- [Material supplied]
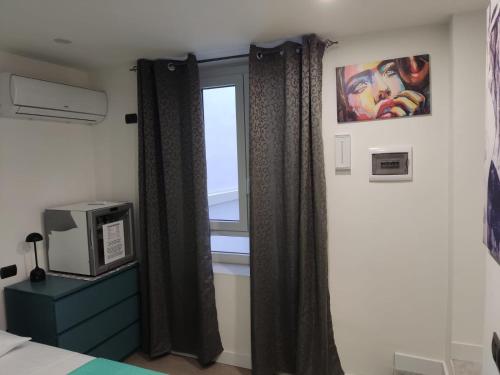 a bedroom with a window and a bed with curtains at Siderno Small in Siderno Marina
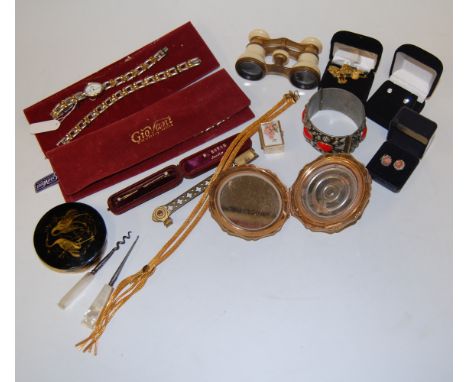 A collection of miscellaneous items to include; pair of opera glasses, ladies powder compact, pair of ladies silver and cubic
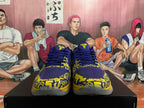 Front view of blue and yellow Nike basketball sneakers showing yellow tongue emblems and graphic forefoot detailing.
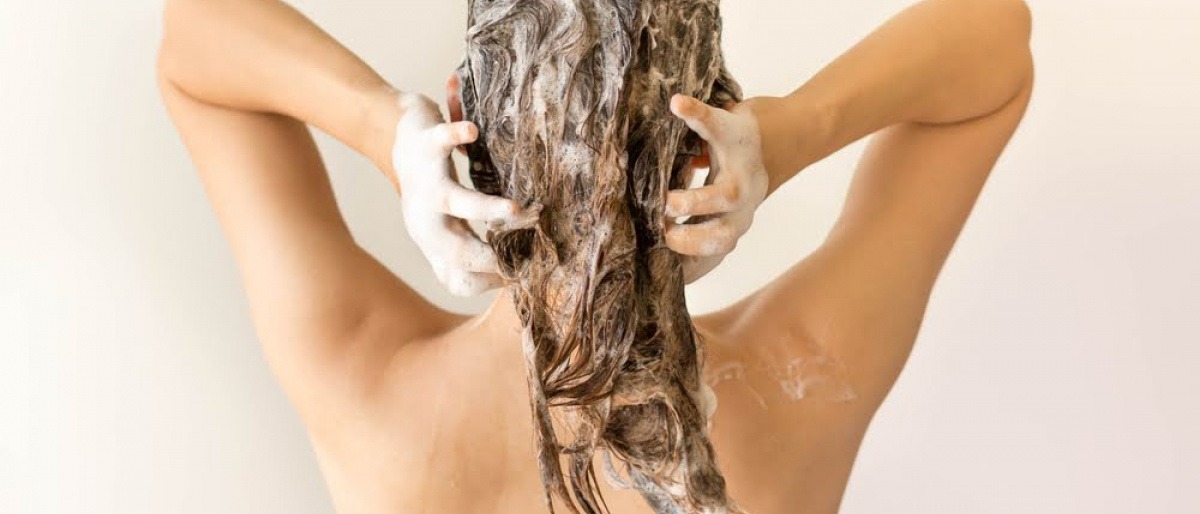 Eine Frau wäscht ihre Haare, täglich oder weniger oft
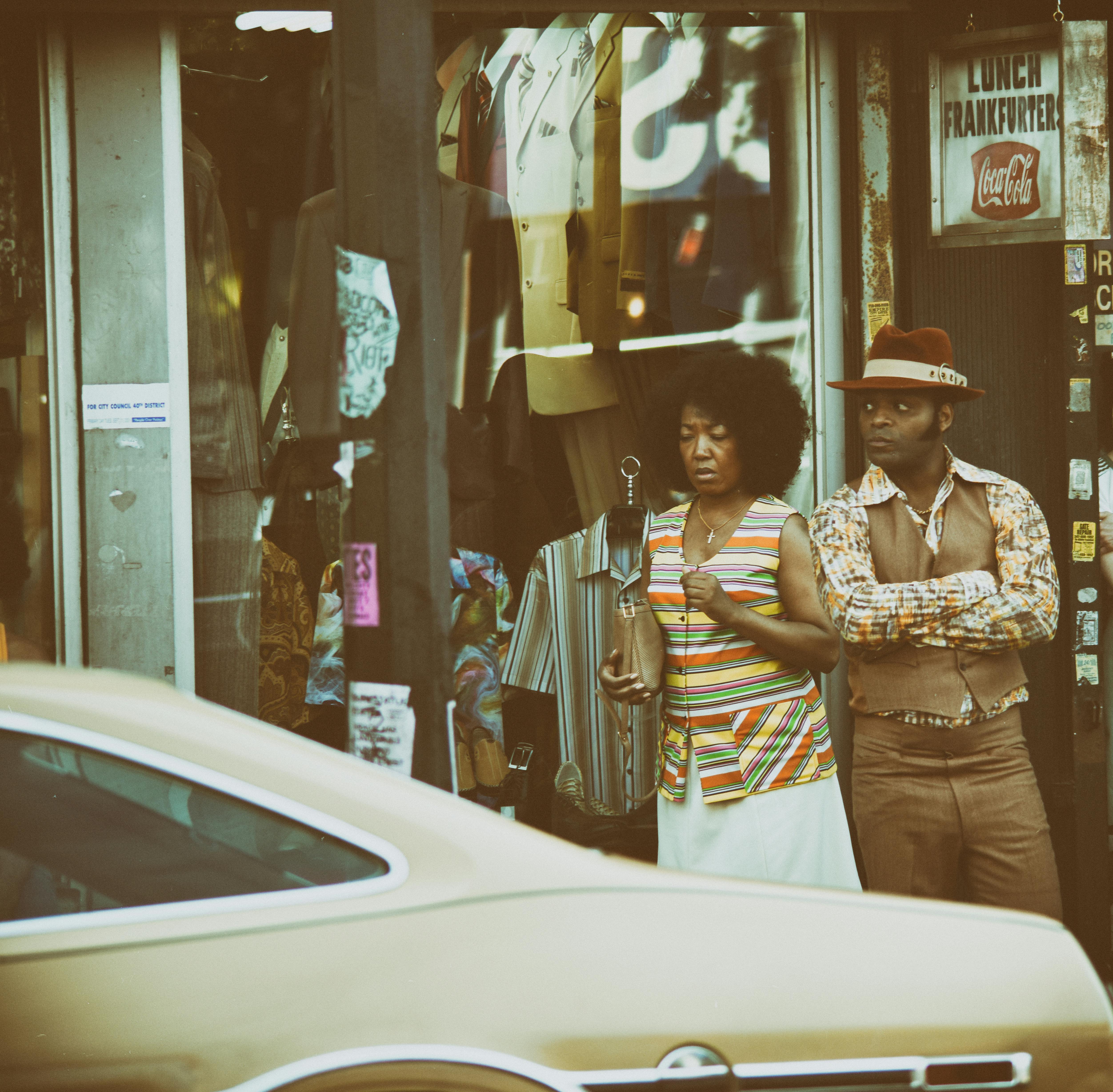 man and woman standing near beige vehicle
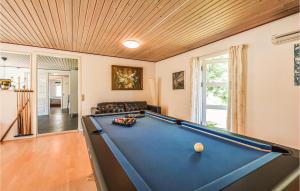 a living room with a pool table in it at Beautiful Home In Vig With 4 Bedrooms, Sauna And Wifi in Vig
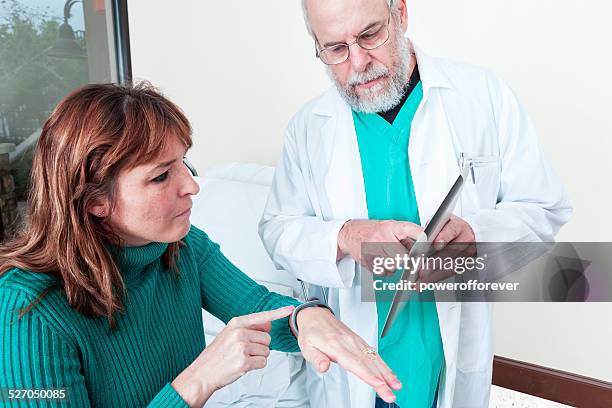 médico mostrando paciente dispositivo inteligente para monitorizar a sua saúde - computador utilizável como acessório imagens e fotografias de stock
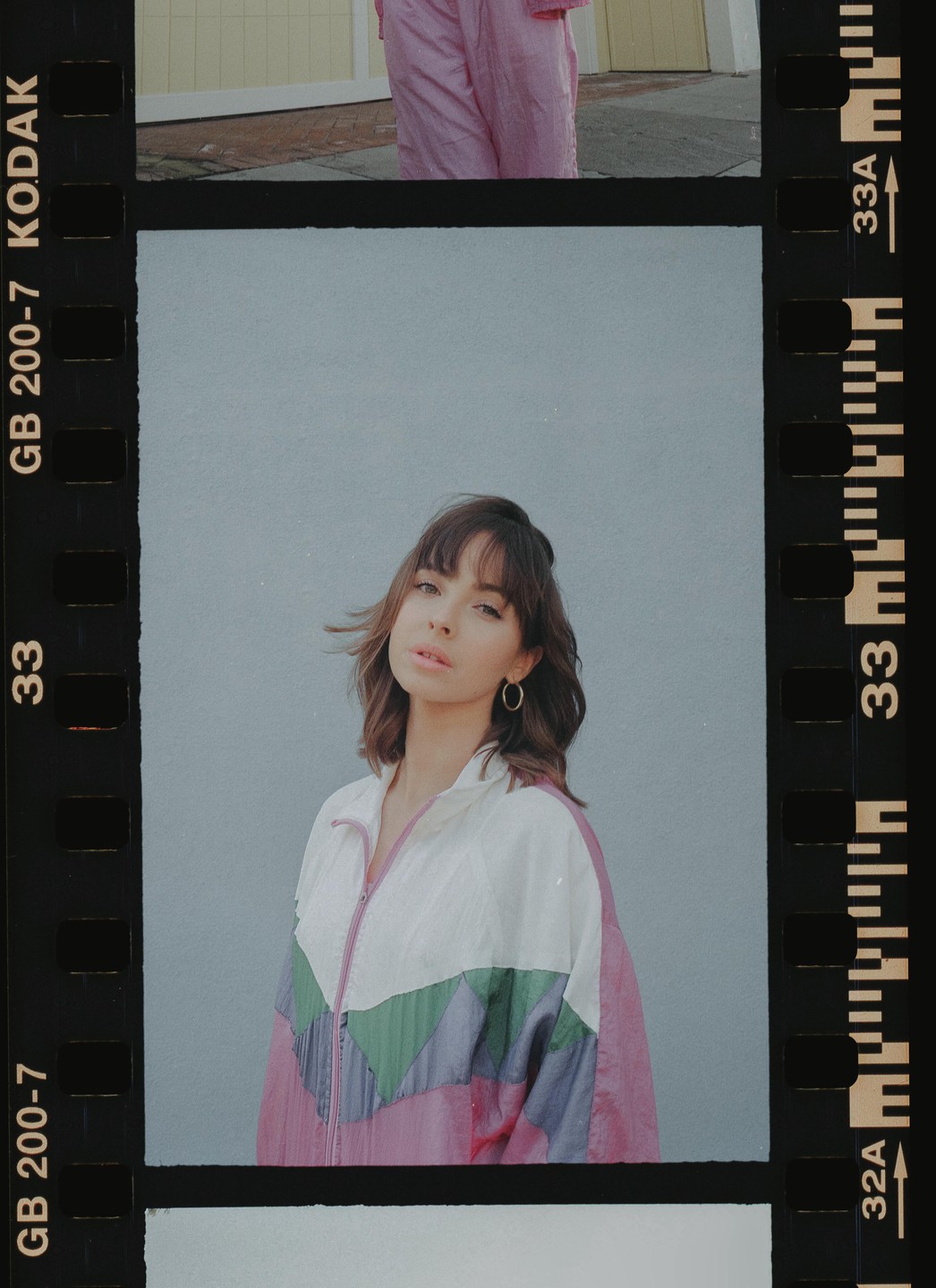 A woman with bangs and a colorful jacket looks directly at the viewer.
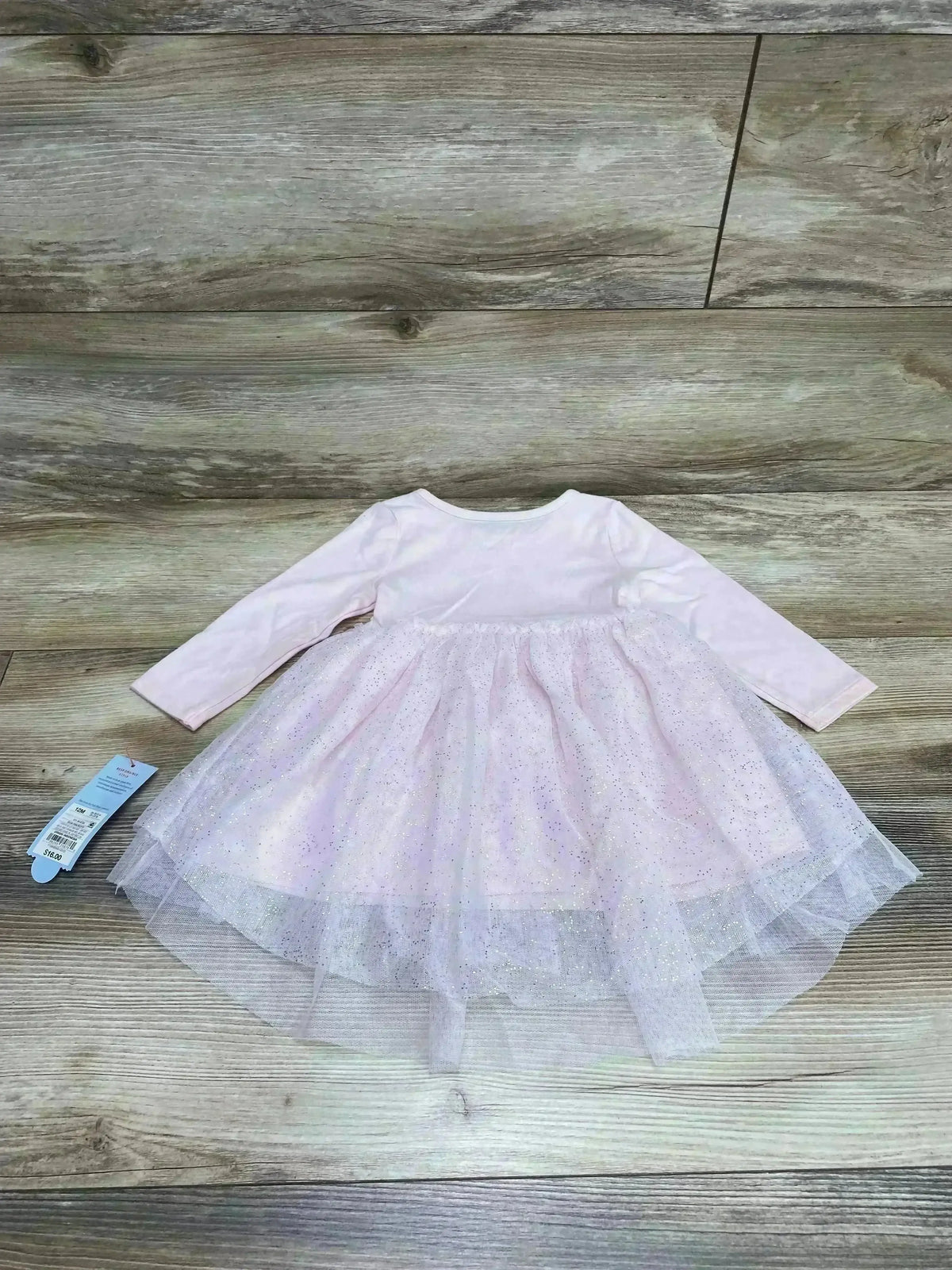 Flat lay of Cat and Jack tulle dress with bloomers showing long sleeve and glittery pink layered tulle skirt on wood floor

- [Task objective] Locate "a living room" in the listing above, then print exactly the lines from that line through the final one, omitting all pictures.

- [The answer]
 a living room with a pool table in it at Beautiful Home In Vig With 4 Bedrooms, Sauna And Wifi in Vig
 médico mostrando paciente dispositivo inteligente para monitorizar a sua saúde - computador utilizável como acessório imagens e fotografias de stock
 A woman with bangs and a colorful jacket looks directly at the viewer.
 Flat lay of Cat and Jack tulle dress with bloomers showing long sleeve and glittery pink layered tulle skirt on wood floor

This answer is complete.